Short web captions:
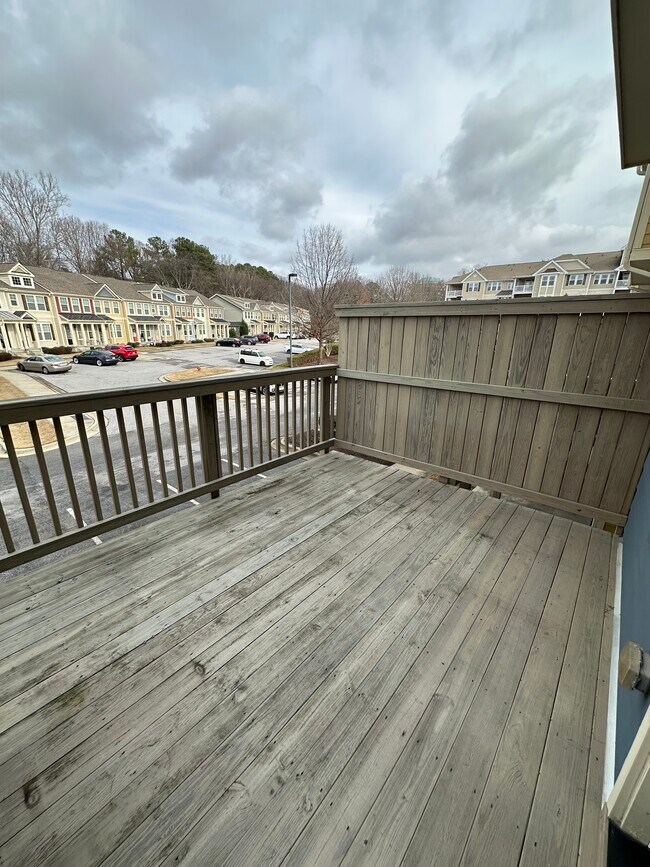 Building Photo - 2821 Wilshire Hill Dr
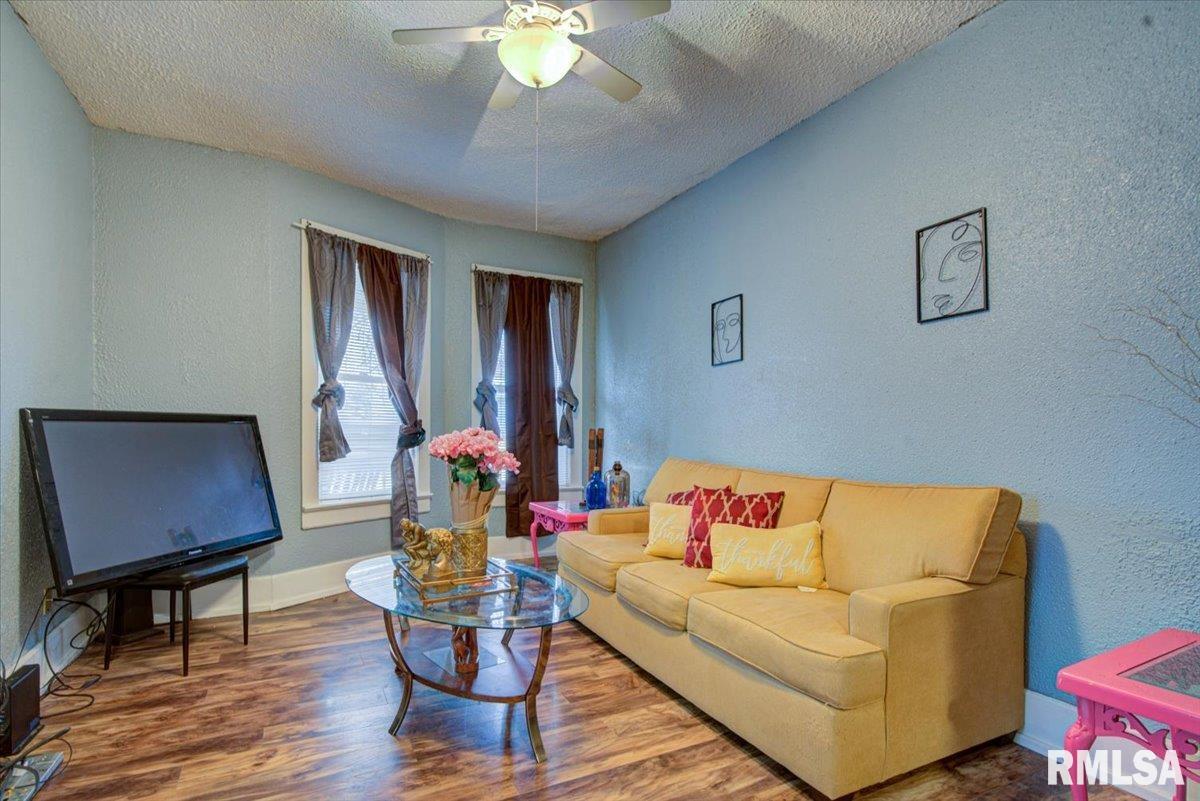 218 North MacArthur Boulevard Springfield, IL 62702 - Photo 3 of 15 Gallery Image 3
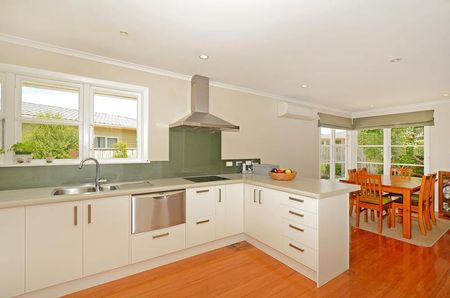 Lovely Heretaunga 3 Bedroom Home - Photo 4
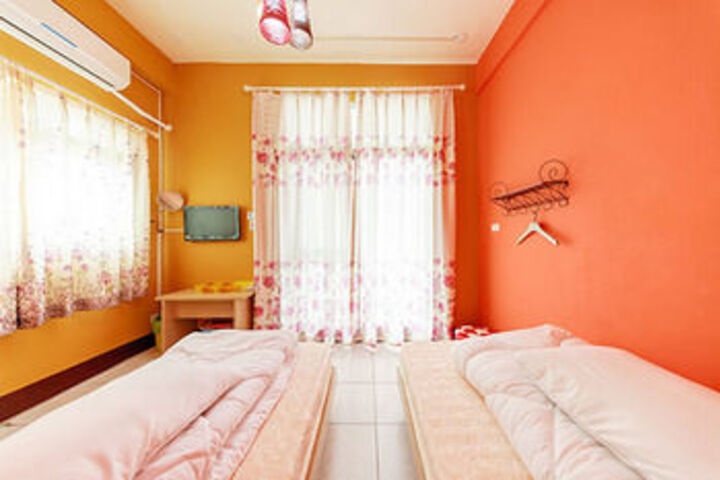 Room 10 of 51
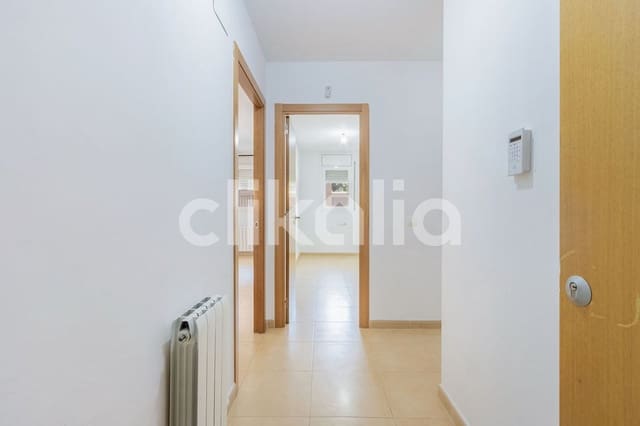 Piso de 2 habitaciones en Rosselló en venta con garaje - 89.000 € (Ref: 9077117)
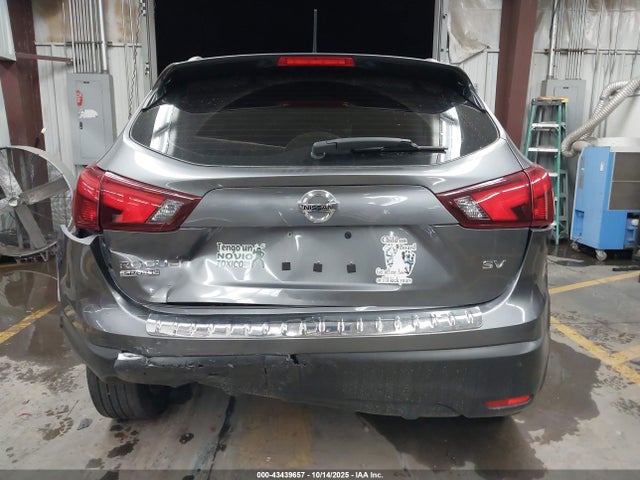 JN1BJ1CP9HW010218 Nissan Rogue Sport Sv
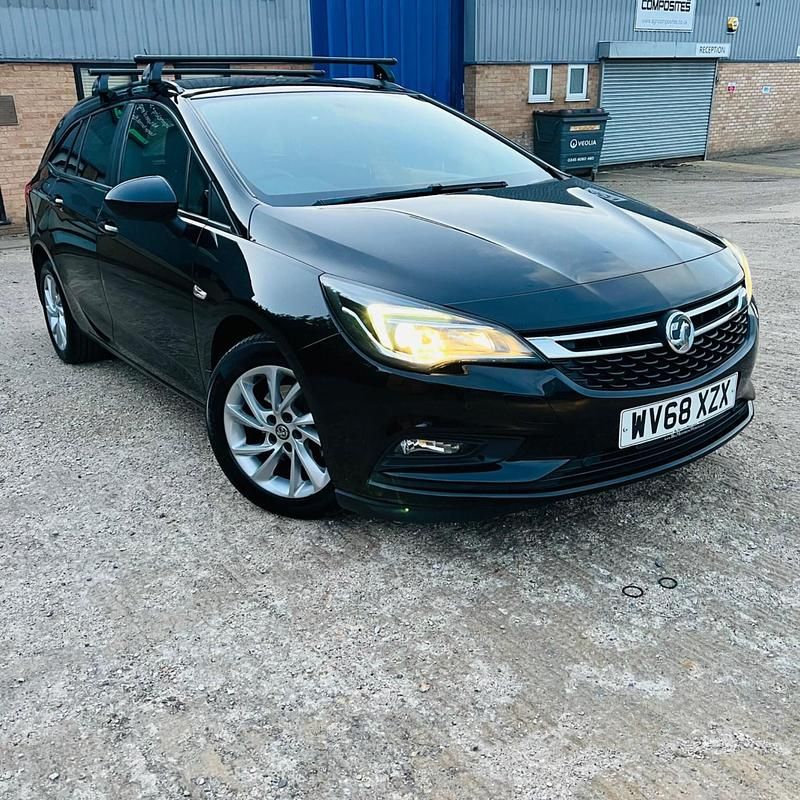 Used Vauxhall Astra S 110 HP (80 kW) 2018 Black Estate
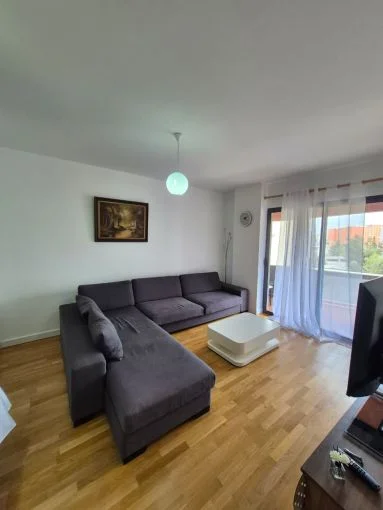 Tirane, shitet apartament 2+1+Aneks+Ballkon Kati 4, 110 m² 181.500 € (kashar)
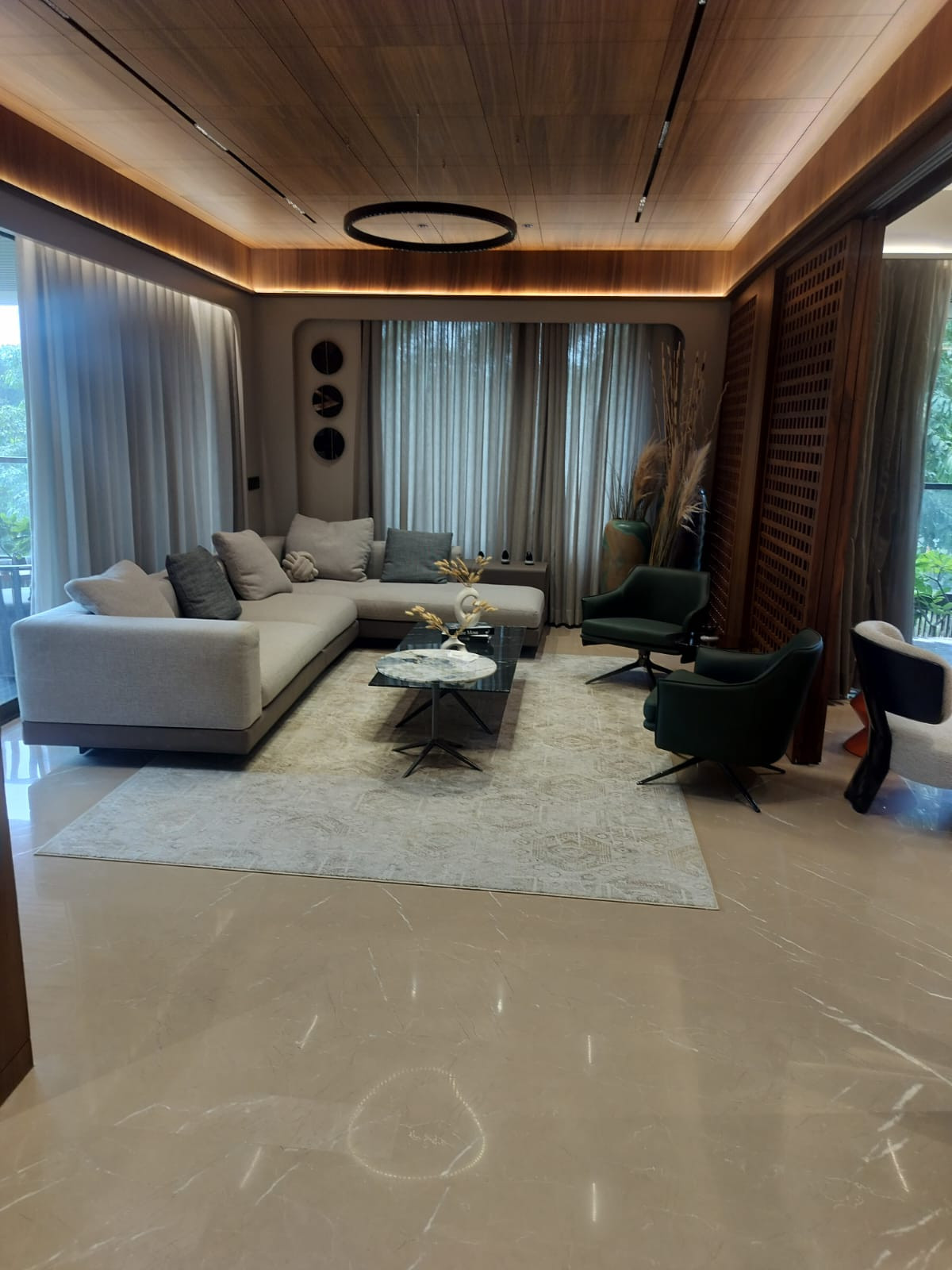 4 BHK Apartment in Ahmedabad — photo 2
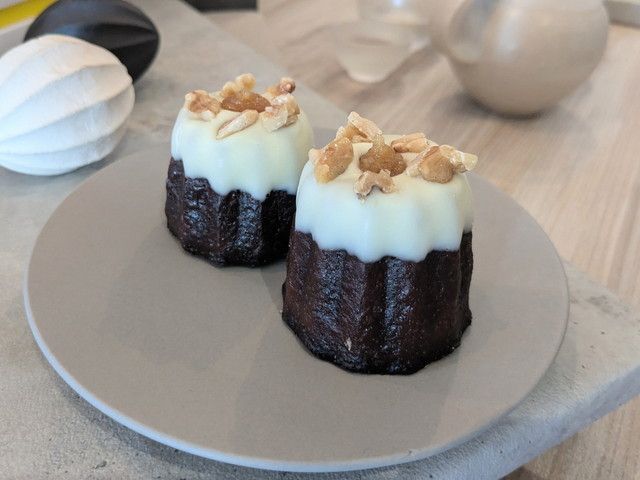 1665 甘酒米粉カヌレ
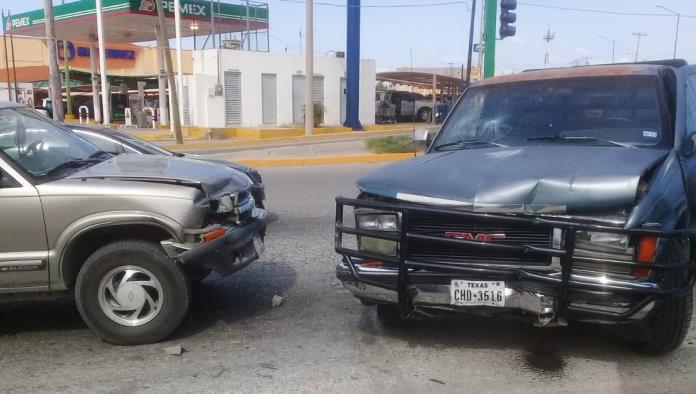 Anciano provoca colisión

WHAT IS BEING ASKED:
Word for word, repeat all the data, but not its images.

TASK RESPONSE:
 Building Photo - 2821 Wilshire Hill Dr
 218 North MacArthur Boulevard Springfield, IL 62702 - Photo 3 of 15 Gallery Image 3
 Lovely Heretaunga 3 Bedroom Home - Photo 4
 Room 10 of 51
 Piso de 2 habitaciones en Rosselló en venta con garaje - 89.000 € (Ref: 9077117)
 JN1BJ1CP9HW010218 Nissan Rogue Sport Sv
 Used Vauxhall Astra S 110 HP (80 kW) 2018 Black Estate
 Tirane, shitet apartament 2+1+Aneks+Ballkon Kati 4, 110 m² 181.500 € (kashar)
 4 BHK Apartment in Ahmedabad — photo 2
 1665 甘酒米粉カヌレ
 Anciano provoca colisión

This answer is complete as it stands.